4. Disbursements of Escrow Funds. Escrow Agent shall disburse Escrow Funds at any time and from time to time, upon receipt of, and in accordance with, a Joint Written Direction. Such Joint Written Direction shall contain wiring instructions or an address to which a check shall be sent. Upon the expiration of the Escrow Period, Escrow Agent shall distribute, as promptly as practicable, the Escrow Funds in the manner described on Schedule A, without any further instruction or direction from the Representatives.
All disbursements of funds from the Escrow Funds shall be subject to the fees and claims of Escrow Agent and the Indemnified Parties (as defined below) pursuant to Section 10 and Section 11 below.
5. Suspension of Performance; Disbursement Into Court.
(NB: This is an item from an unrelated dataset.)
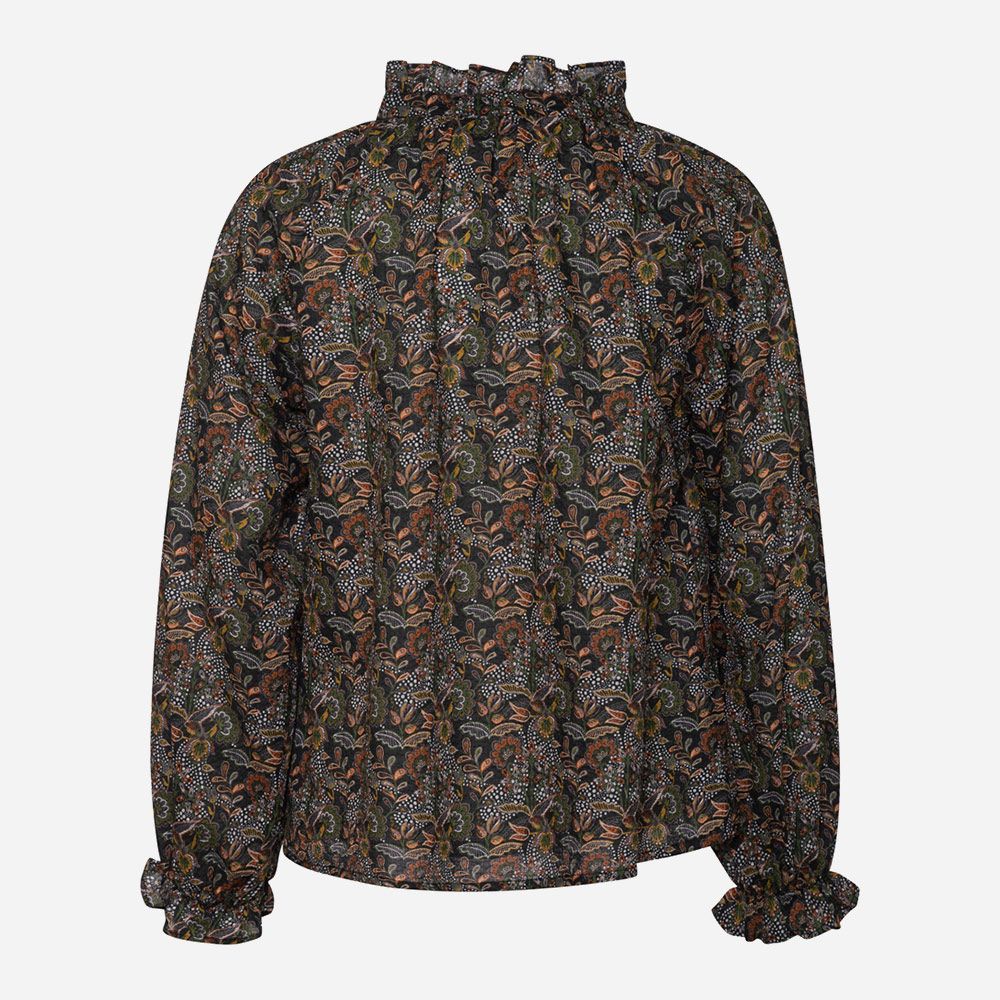 Gaia Paisley Floral Dark Combo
If, at any time, (i) there shall exist any dispute between Vince, Kellwood or the Representatives with respect to the holding or disposition of all or any portion of the Escrow Funds or any other obligations of Escrow Agent hereunder, (ii) Escrow Agent is unable to determine, to Escrow Agent’s sole satisfaction, the proper disposition of all or any portion of the Escrow Funds or Escrow Agent’s proper actions with respect to its obligations hereunder, or (iii) the Representatives have not within 30 days of the furnishing by Escrow Agent of a notice of resignation pursuant to Section 7 hereof, appointed a successor Escrow Agent to act hereunder, then Escrow Agent may, in its sole discretion, take either or both of the following actions:
a. suspend the performance of any of its obligations (including without limitation any disbursement obligations) under this Escrow Agreement until such dispute or uncertainty shall be resolved to the sole satisfaction of Escrow Agent or until a successor Escrow Agent shall have been appointed (as the case may be).
b. petition (by means of an interpleader action or any other appropriate method) any court of competent jurisdiction in any venue convenient to Escrow Agent, for instructions with respect to such dispute or uncertainty, and to the extent required or permitted by law, pay into such court, for holding and disposition in accordance with the instructions of such court, all Escrow Funds, after deduction and payment to Escrow Agent of all fees and expenses (including court costs and attorneys’ fees) payable to, incurred by, or expected to be incurred by Escrow Agent in connection with the performance of its duties and the exercise of its rights hereunder.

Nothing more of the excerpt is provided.